• Dataset extract
################
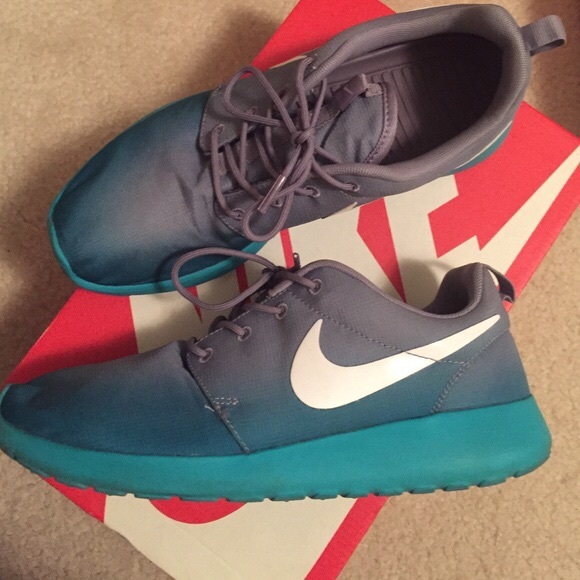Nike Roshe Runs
################
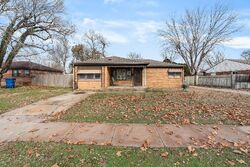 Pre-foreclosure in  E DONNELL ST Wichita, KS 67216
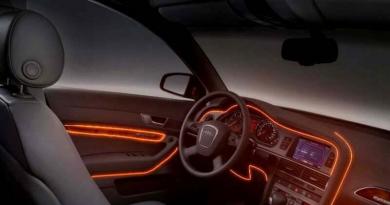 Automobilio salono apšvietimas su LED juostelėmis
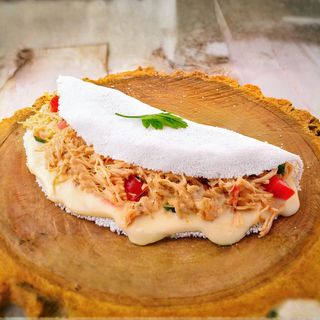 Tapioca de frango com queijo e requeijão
################
• What the exercise asks
From the records above, copy exactly the stretch from the line holding "Automobilio salono apšvietimas" through the line holding "Tapioca de frango com queijo e requeijão", both ends included, without the pictures.

• Task result
 Automobilio salono apšvietimas su LED juostelėmis
 Tapioca de frango com queijo e requeijão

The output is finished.